I fixed 200+ WCAG violations across The Library Corporation's cataloging apps in about a month, which was the work that got the company's government contracts renewed; accessibility compliance was a hard requirement to keep selling to public institutions. It mattered because those apps reach 5,500+ school and public libraries nationwide, so every unlabeled input and broken focus state was a real barrier for real users. Three months in, the lead developer moved off the project and I became the sole frontend developer for the next 23 months, on my first Java codebase and in a domain I'd never touched.
The remediation
The cataloging apps were legacy Java Spring and Thymeleaf templates that had accumulated accessibility debt for years: missing alt text, missing input labels and ARIA roles, broken links and empty buttons, low contrast, out-of-order headings, and no visible focus states. I audited 15+ views with WebAIM and browser tools, categorized and prioritized the 200+ violations, then worked through them systematically over roughly a month, fixing the markup and pulling it back toward semantic HTML as I went.
The serials cataloging system
With the apps compliant, I took on the feature that had been requested for years and never delivered. I worked closely with a retiring senior cataloger to learn library science well enough to translate cataloging workflows into UI, then architected and built the serials cataloging system alone: pagination, advanced search filtering, and an algorithm-driven serial generator that handled limited and indefinite schedules, multiple formats from periodicals to academic journals, create/clone/duplicate/generate operations, cadences from daily through biannual, and Volume/Part/Issue/Index/Section types. To keep it from sprawling, I built polymorphic AngularJS components where a single component class handled books, magazines, encyclopedias, and serials, which killed the need for asset-specific forms and kept the design language consistent.
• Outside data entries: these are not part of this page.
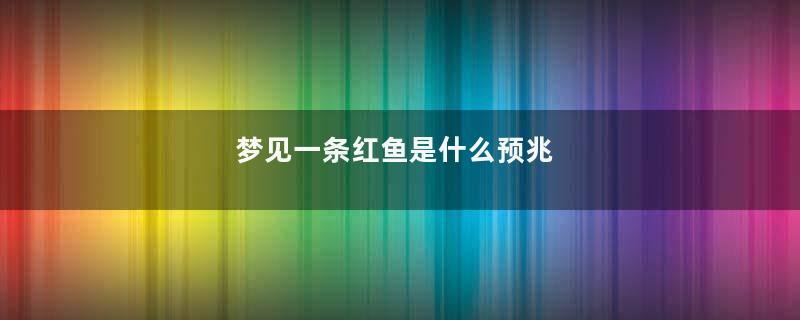 梦见一条红鱼是什么预兆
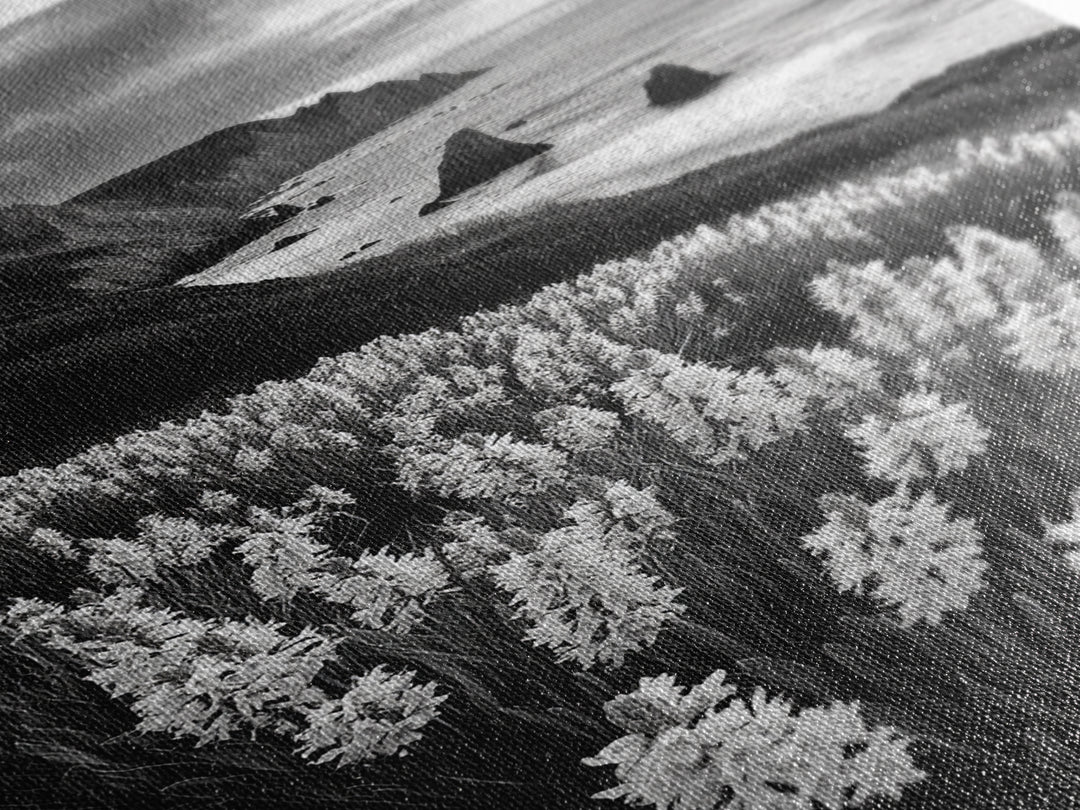 Coastal Blooms, Ocean Cliffs, Seaside Flowers, Canvas Print, Nature Photography, Living Room Art, Modern Coastal Wall Decor, Spring Vibes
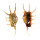 STROMBIDAE LAMBIS SCORPIO shell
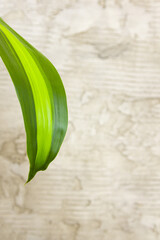Close-up view of a green leaf against a concrete wall with a copy space, using as a background natural green plants landscape, ecology, fresh concept wallpaper.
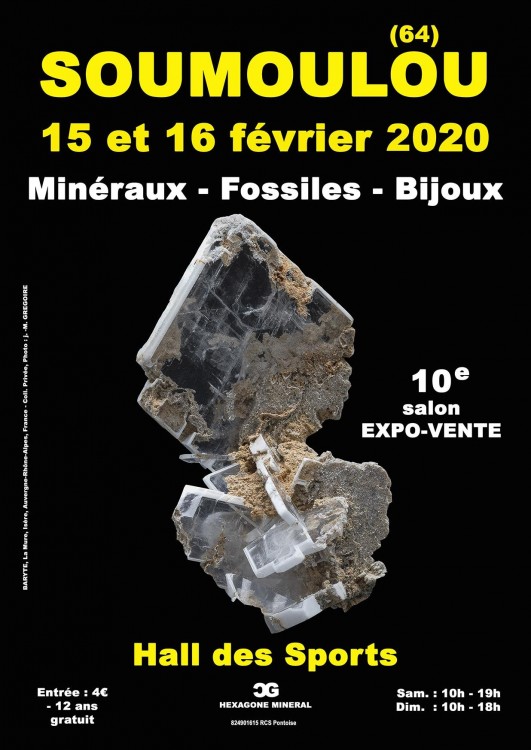 Affiche web (1).jpg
Across 30+ delivered features I roughly doubled the application's capabilities, and accessibility testing patterns I established along the way kept new work from regressing.
What I took from it
Holding the frontend alone for 23 months in an unfamiliar domain and stack taught me that the accessibility fixes weren't a compliance chore bolted on at the end; building semantic, labeled, keyboard-navigable markup from the start made the apps easier to use for everyone, sighted users included.